Editorial: Huge untapped tax revenue
The latest World Bank quarterly report on Indonesia’s economy estimates that 50 percent of tax potential in the country remains untapped, causing the tax ratio — tax receipts as a percentage of gross domestic product (GDP) — to be very low at only 12 percent, among the lowest in the region.
Former tax director general Fuad Rahmany acknowledged recently that about Rp 300 trillion (US$25 billion) in potential income tax revenue was uncollected annually because of the acute shortage of tax auditors to examine institutional and individual taxpayers.
This year’s Rp 1,246 trillion tax revenue target is also not likely to be realized because of lower-than-estimated economic growth and substantial tax evasion.
President Joko “Jokowi” Widodo promised in his recent election campaign to increase the tax ratio to 16 percent within the next five years, which is realistic, according to the World Bank report.
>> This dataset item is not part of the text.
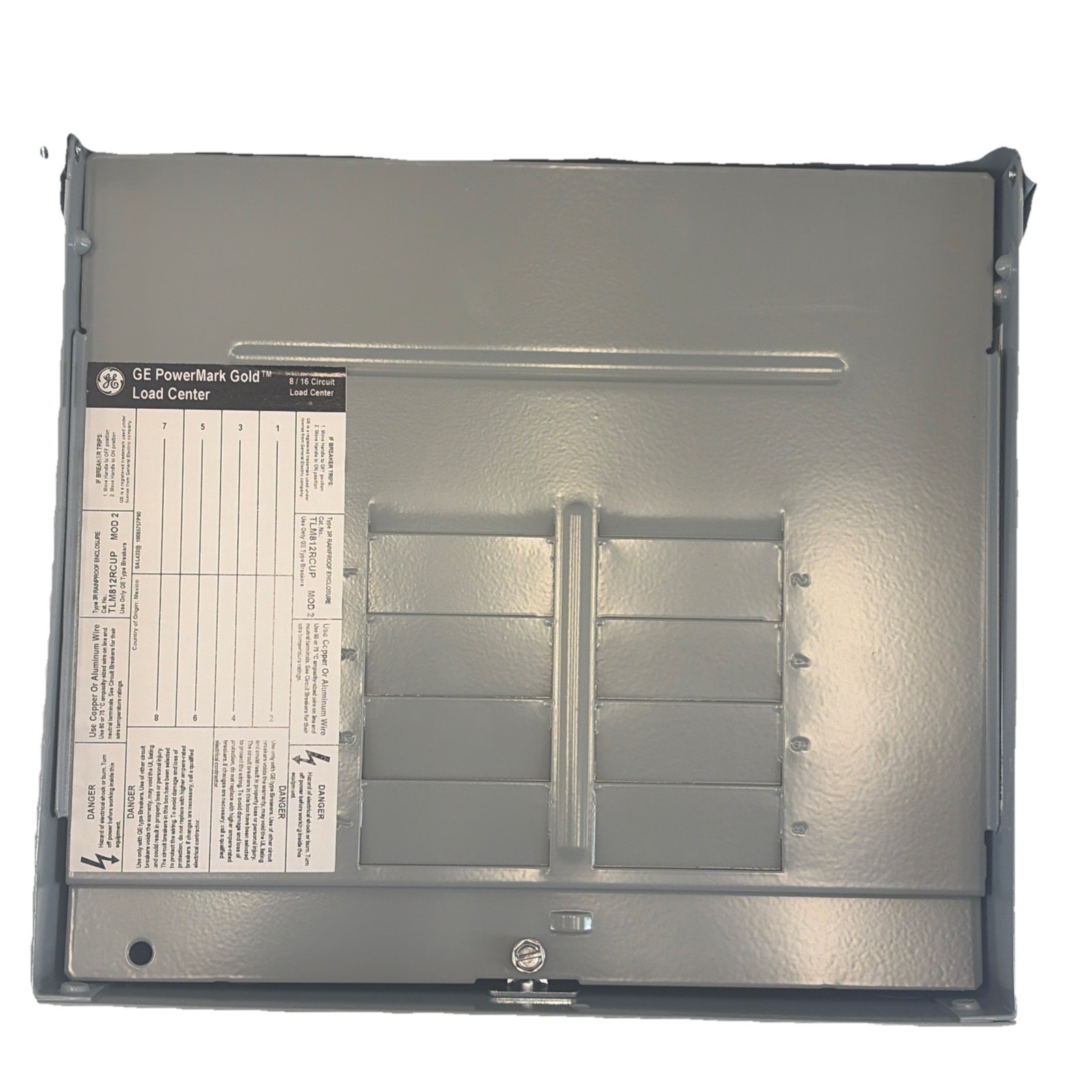GE 125 Amp Outdoor 8/16 Main Lug Circuit Breaker Load Center Panel TLM812RCUP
There is indeed a lot of room for increasing tax revenue, even though the economy is projected to continue to grow at a moderate rate of 5 to 5.5 percent in the next two years.
But tax evasion is substantial. The tax compliance level is very low, as less than 50 percent of registered taxpayers regularly file their annual tax returns.
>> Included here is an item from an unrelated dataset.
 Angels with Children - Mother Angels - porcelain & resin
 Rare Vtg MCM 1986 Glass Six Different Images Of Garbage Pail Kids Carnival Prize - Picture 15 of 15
Last year, for example, income tax receipts from upper middle and top income individuals amounted only to
Rp 4.4 trillion, while those withheld by companies from their employees reached Rp 90 trillion.
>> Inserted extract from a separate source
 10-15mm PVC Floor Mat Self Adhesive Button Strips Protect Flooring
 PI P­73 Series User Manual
The World Bank cited low rates of accurate reporting across a wide range of taxes, taxpayer segments and sectors, pointing out that 47 percent of coal royalty potential in 2012, or about 0.2 percent of GDP, was not collected because of non-payments and under-payments. This simply confirmed the findings of recent research into the coal industry by the Corruption Eradication Commission (KPK).
True, the number of tax auditors now, as the former tax director general admitted, is only about 30 percent of the actual personnel required. But this is not the only concern, because the tax office has always been perceived as one of the most corrupt public institutions in the country.
The World Bank noted that improvements in tax policy and compliance would be critical to expand the fiscal space for investment. In this context, it suggested that the tax base be broadened by reducing exemptions.
Complicated tax structures must be simplified and tax rates that are particularly low by international standards should be increased.
It is encouraging to note that the World Bank also promoted the idea, which has long been touted by the tax chief, of improving tax auditors’ access to third-party data, especially with regard to taxpayers in sectors and segments with high tax potential but low compliance, to match data across databases.
Accessing data on taxpayers’ assets ( property, business and financial assets) could greatly help tax officials to better verify tax compliance by cross-checking taxpayers’ annual tax returns against their assets.